Exactly! Also the name of dimensions is not hard-coded in RAVEN. But I understand that you need to standardize them for the spatial cropping.
The data looks good and with David's information, we needn't worry about the variable names. I'm nearly done the workarounds necessary to support ERA5 data in xclim. I'll move to see what needs changing exactly for it in RAVEN after.
Just ran some ERA5 data processed via the NetCDF extraction (CDSAPI) through the CEDA CF-Checker. This is what I got back:
CHECKING NetCDF FILE: /group_workspaces/jasmin4/ceda_wps/production/cache/uploads/test.nc
=====================
Using CF Checker Version 3.0.5
Checking against CF Version CF-1.6
Using Standard Name Table Version 70 (2019-12-10T14:47:41Z)
Using Area Type Table Version 9 (07 August 2018)
------------------
Checking variable: longitude
------------------
INFO: attribute _FillValue is being used in a non-standard way
------------------
Checking variable: latitude
------------------
INFO: attribute _FillValue is being used in a non-standard way
------------------
Checking variable: time
------------------
------------------
Checking variable: tp
------------------
ERROR: Attribute missing_value of incorrect type
ERRORS detected: 1
WARNINGS given: 0
INFORMATION messages: 2
The variable name is obviously not standard and the _FillValue
is wrong on all coordinates but it's not as bad I imagined (the GlobalAttributes are bare, but that's fine under the conventions).
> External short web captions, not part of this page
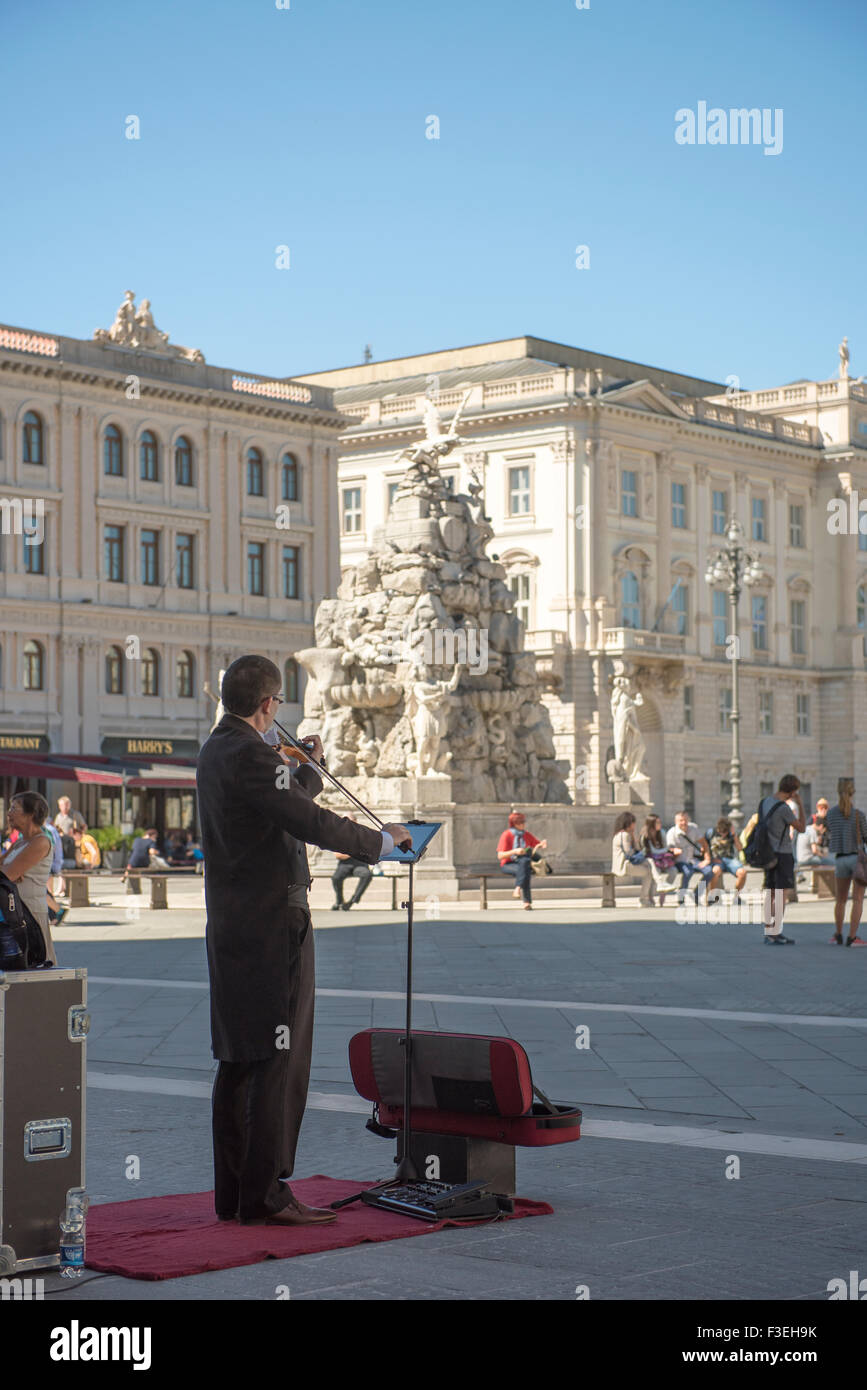 Busker Italy piazza Trieste, A violinist plays his instrument in the Piazza Unita d'Italia in the centre of Trieste, Italy. Stock Photo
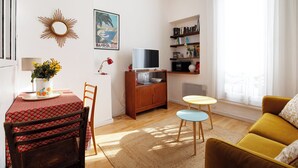 Olohuoneessa on sohva, televisio, kirjahylly, ruokapöytä tuoleineen sekä seinällä aurinkomainen peili.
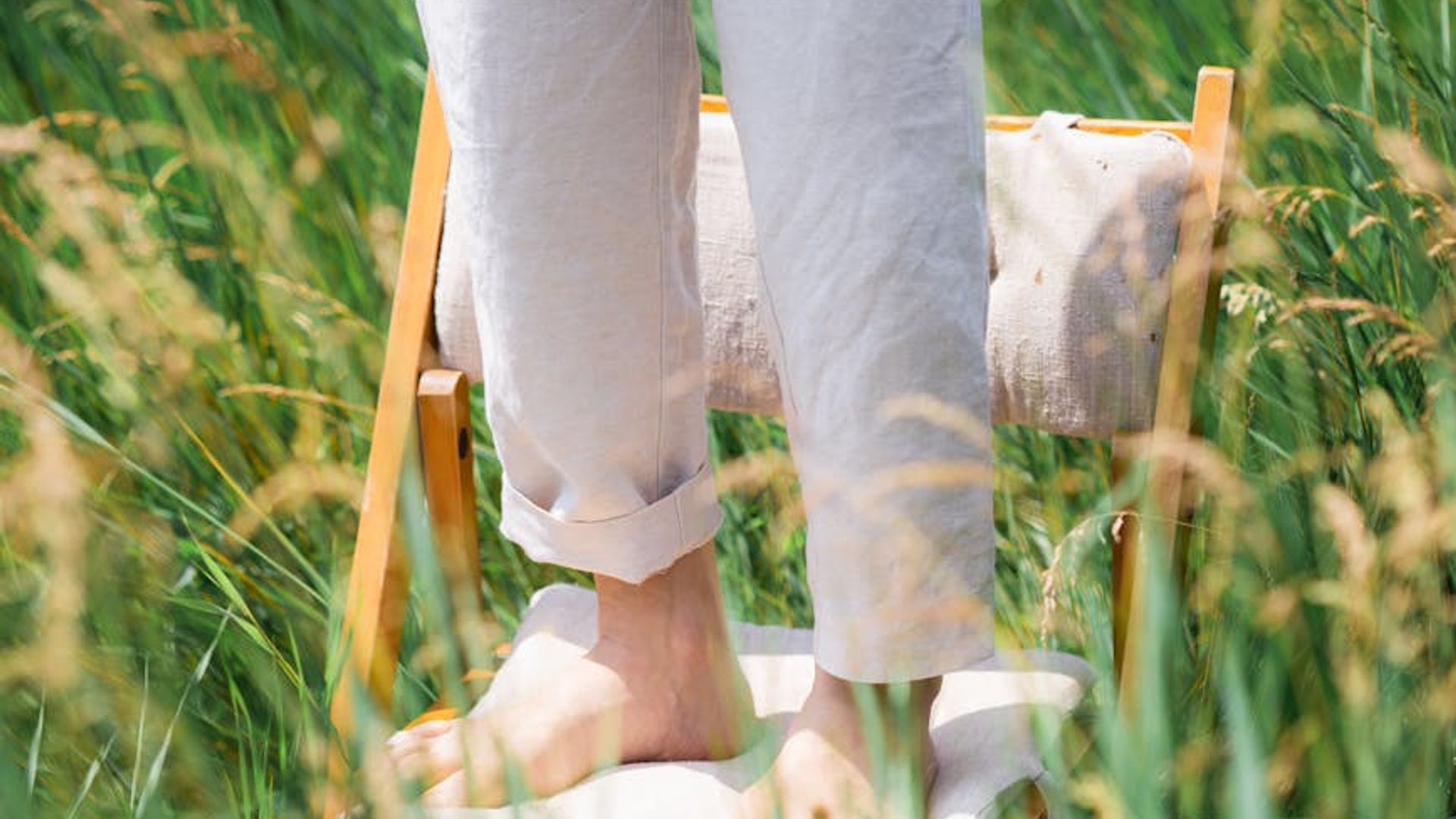 Person looking into the distance in a green field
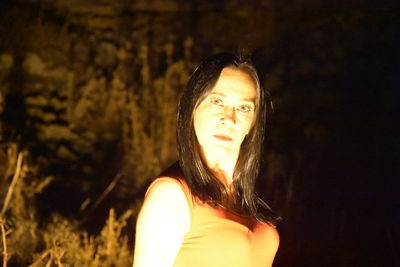 Portrait of beautiful woman standing at night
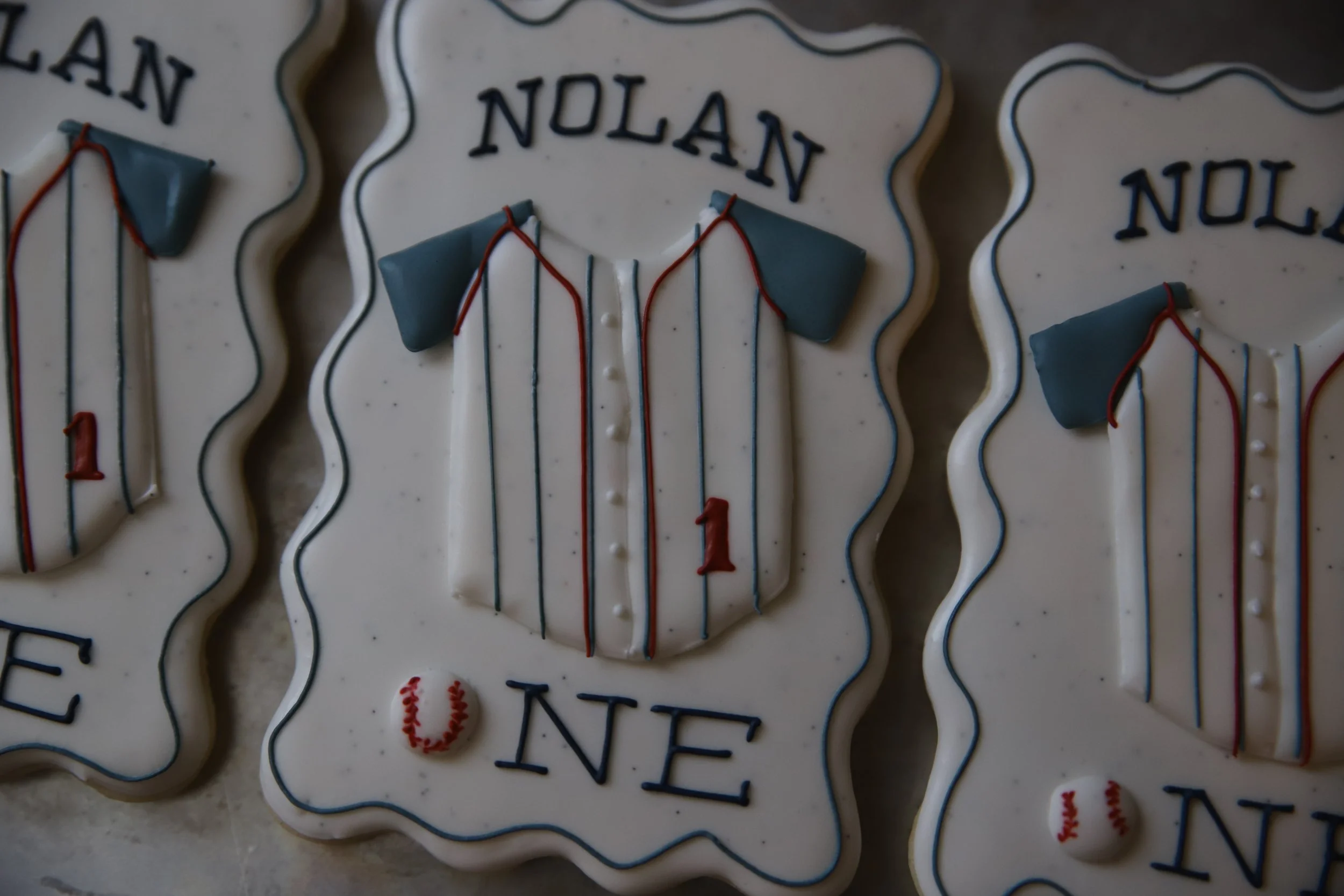 Decorative cookies shaped like jerseys with the name 'NOLAN' on top. The cookies are white with blue and red icing accents.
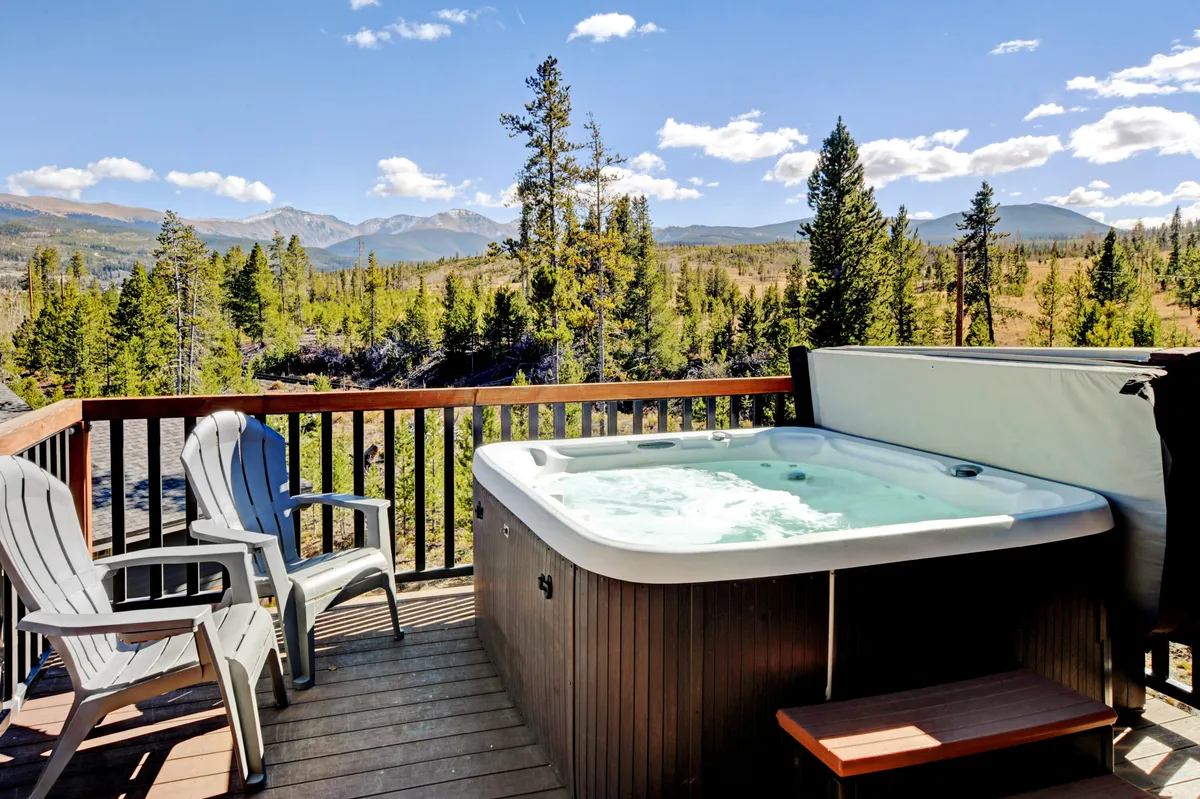 This exterior image captures a private hot tub set on a scenic patio, flanked by adirondack chairs and oriented towards sweeping mountain views. The tranquil outdoor setting is bathed in gentle natural light, suggesting a perfect spot for relaxation or romantic evenings under the stars.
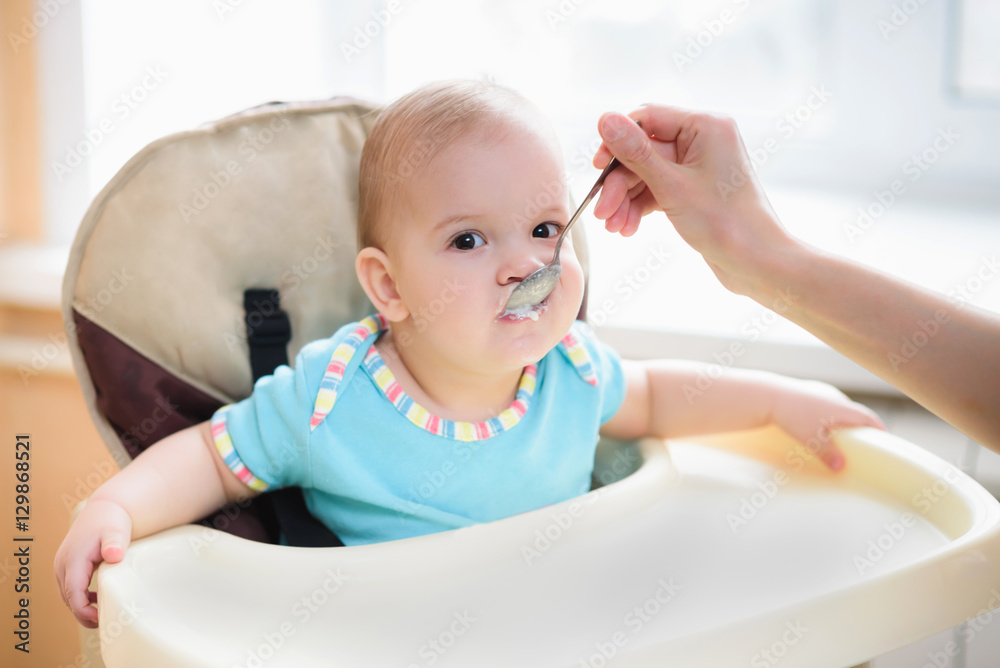 Mom feeds her nine months baby at home Mom feeds her nine months baby at home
If we want to try running it in RAVEN and seeing where/if it causes processes to fail, that would be a start. I can start by moving what we have on hand into the server at the very least (North America: U-component of wind, V-component of wind, Snowfall; Globally: 2m-temperature, Total precipitation; All variables are at the hourly time frequency).
We can later fix the metadata attributes and variable names using an NcML file. By the way @julemai this is something that you might be interested in for your DAP server. THREDDS has support for NcML (netcdf markup language), which allows you to virtually aggregate and tweak metadata using an XML file that refers to the files on disk.
Data is transferring now. It might take all weekend. I'll have updates on Monday.
Data is transferred and accessible under the folder ecmwf
.
Could you add the ERA5 license there too ?
Done.
We need to add some reference observation data for hydrological modelling (calibration, simulation, eventually forecasting). As of now there is no data source. ERA-5 is a reanalysis product that covers 1979-2018 globally at a ~31km resolution. We can distribute it freely conditionally on mentioning the source:
Format is NetCDF and is an hourly product. The hourly properties will require converting from GMT to local time for averaging over a given catchment.